§ **Source material**:
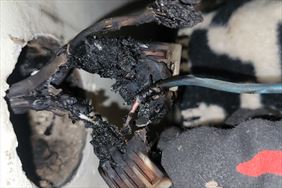 usuwanie awarii eklektycznych, ElektrykExpress24 Pogotowie elektryczne, Poznań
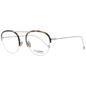 90003c-50td02.png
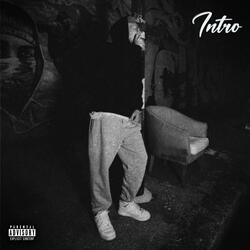 Intro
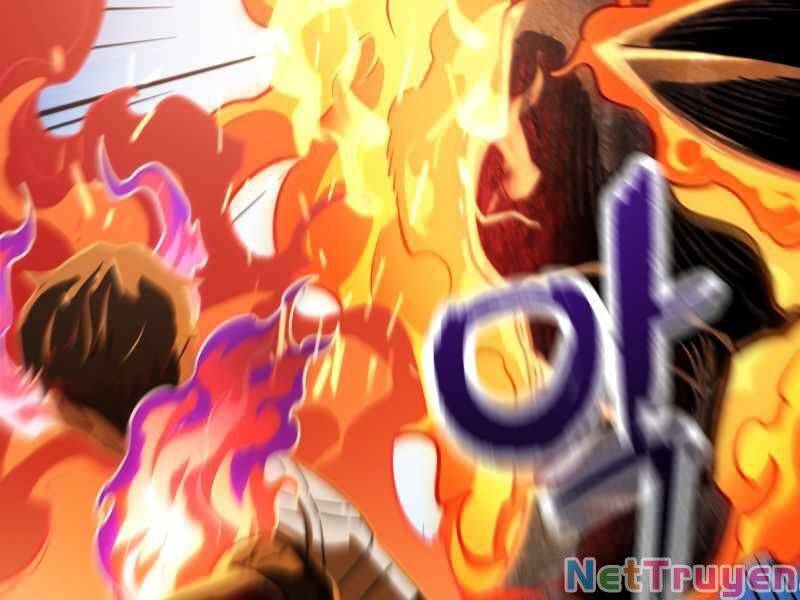 Người Chơi Không Thể Thăng Cấp chapter 65 - Upload bởi truyensieuhay.com
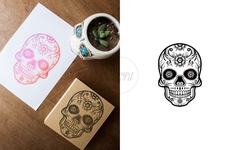 Skull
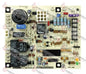 62-25338-01 - RHEEM CIRCUIT BOARD - SO HVAC PARTS
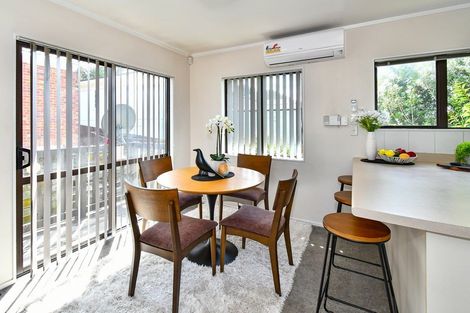 Photo of property in 3/62 Hillcrest Road, Papatoetoe, Auckland, 2025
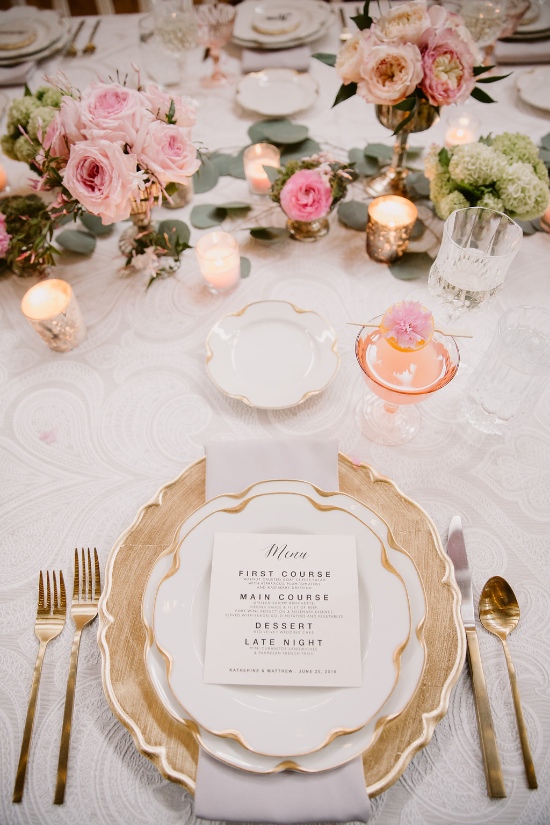the-barn-pnw-rustic-wedding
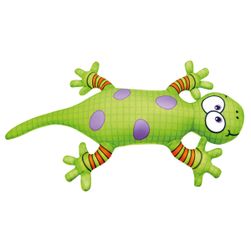 Salamander zelena 56cm RS_33025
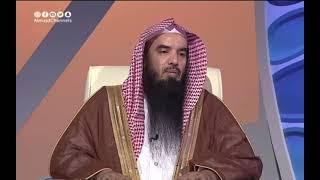 كيف أحسب زكاة الذهب ؟ لفضيلة الشيخ الدكتور : علي بن صالح المري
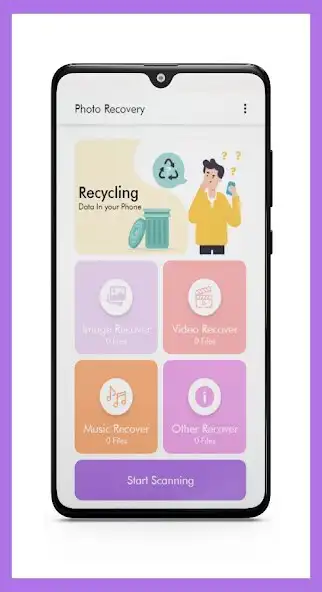 Play Delete Recovery - image,videos  and enjoy Delete Recovery - image,videos with UptoPlay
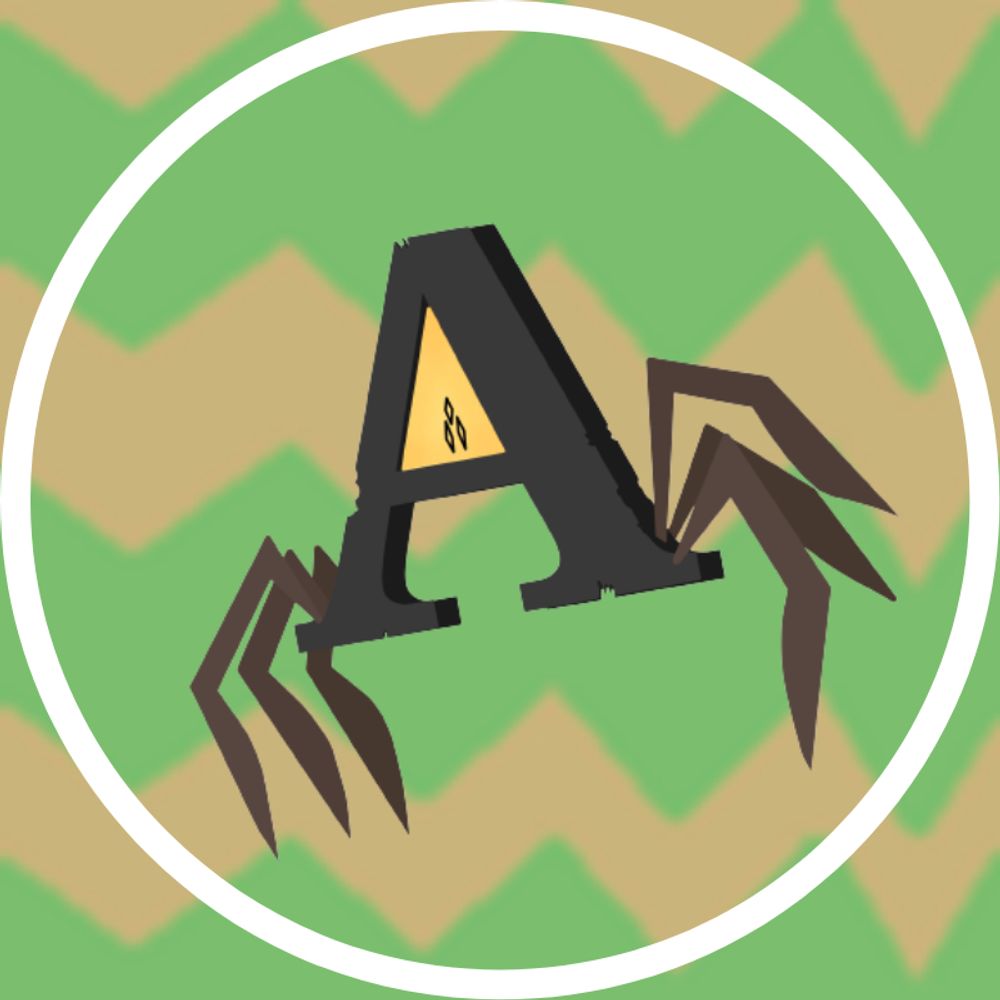 Adam the Gam3r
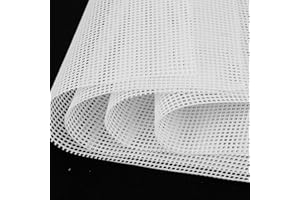 AEYURUID Feuilles De Déshydrateur De Silicone,4 Pcs Carré Tapis Déshydratants Silicone,Tapis Déshydratant Antiadhésif,Tapis Vapeur Silicone,Tapis Déshydrateur Réutilisables Pour Fruits Deshydrateur Alimentaire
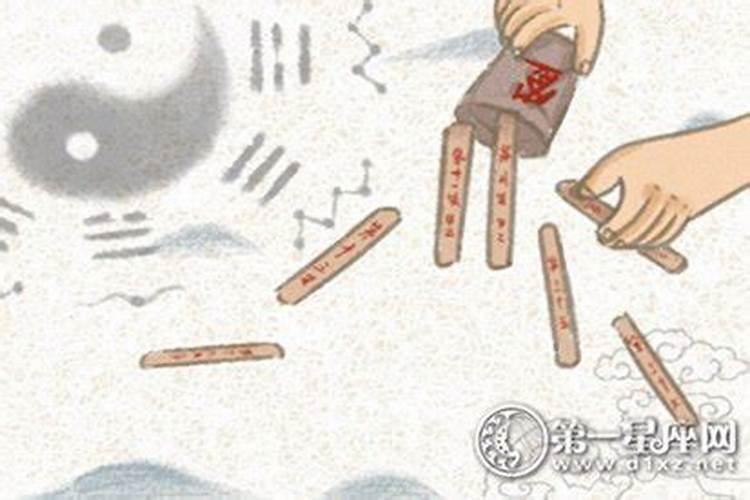 女孩生在正月初五有啥说法 一生荣华富贵易获得成功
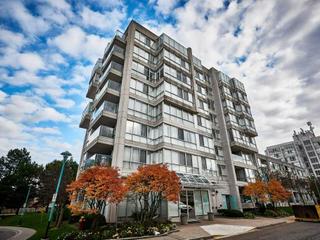 307 - 25 Cumberland Lane
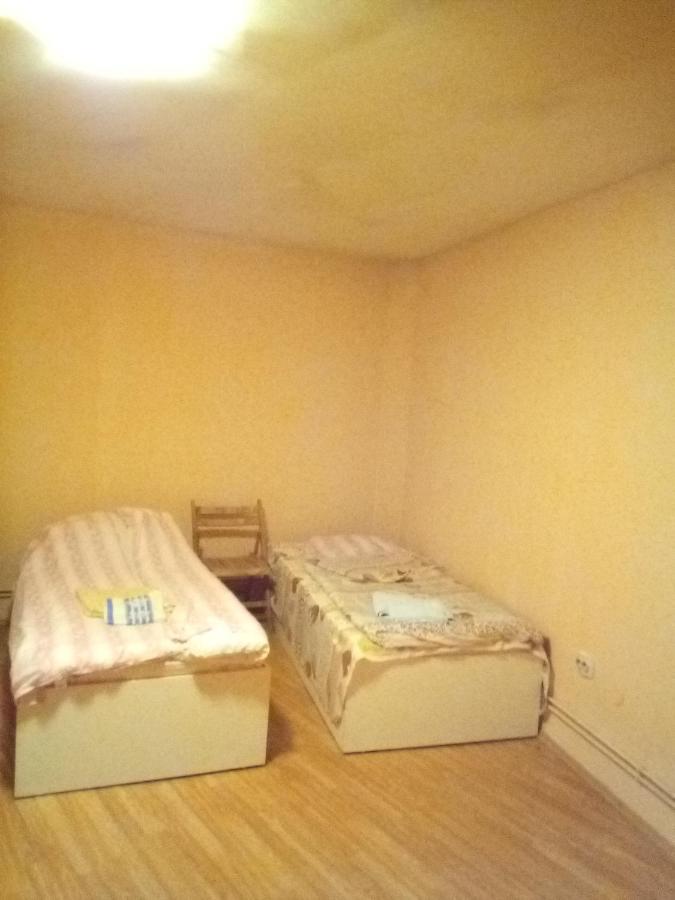 Casa Adrian Camere Centru Vechi Braşov Dış mekan fotoğraf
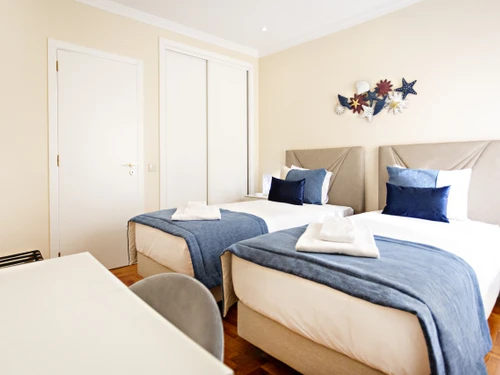 Appartement Faro, 4 pièces, 6 personnes - photo_1011866080975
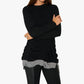 Stella Carakasi - Women's Masterpiece Sweaters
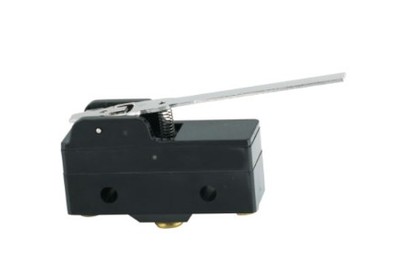 G12口口-1RW1口口-口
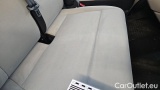  Volkswagen  Transporter 2,0 TDI 110kW EU6 BMT 2,8t lang #42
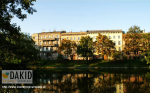 Real Estate in Wroclaw - online giude to You.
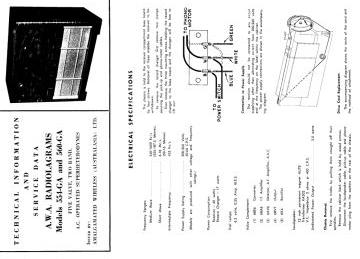 AWA_Radiola_RadiolaGram-554GA_560GA.RadioGram preview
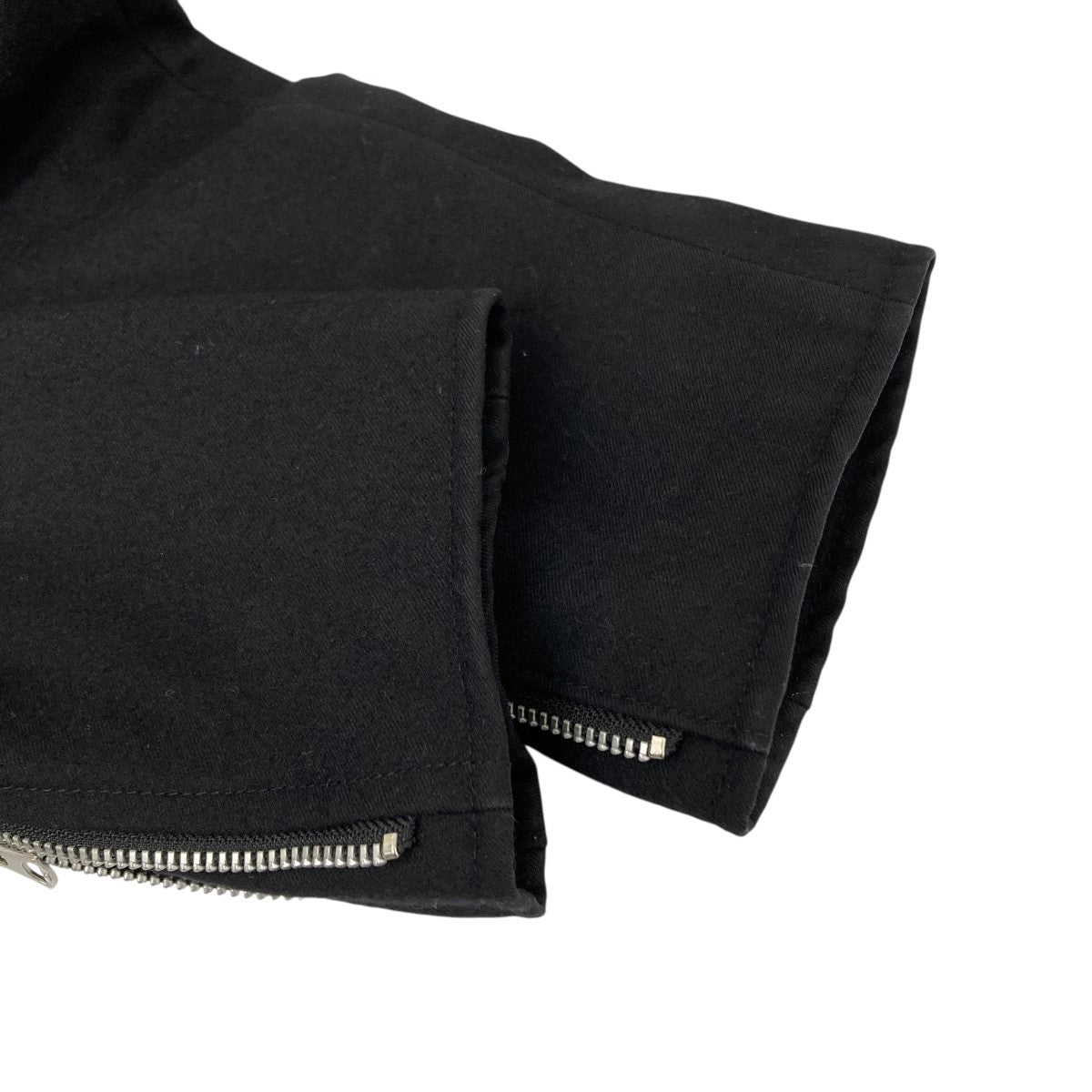 JUNYA WATANABE CDG(ジュンヤワタナベコムデギャルソン) ライダース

§ **Try it**: Please write out the lines from the one that holds "G12口口-1RW1口口-口" through the end of the material, both ends included, exactly and with no pictures.

§ **Response to the exercise**:
 G12口口-1RW1口口-口
  Volkswagen  Transporter 2,0 TDI 110kW EU6 BMT 2,8t lang #42
 Real Estate in Wroclaw - online giude to You.
 AWA_Radiola_RadiolaGram-554GA_560GA.RadioGram preview
 JUNYA WATANABE CDG(ジュンヤワタナベコムデギャルソン) ライダース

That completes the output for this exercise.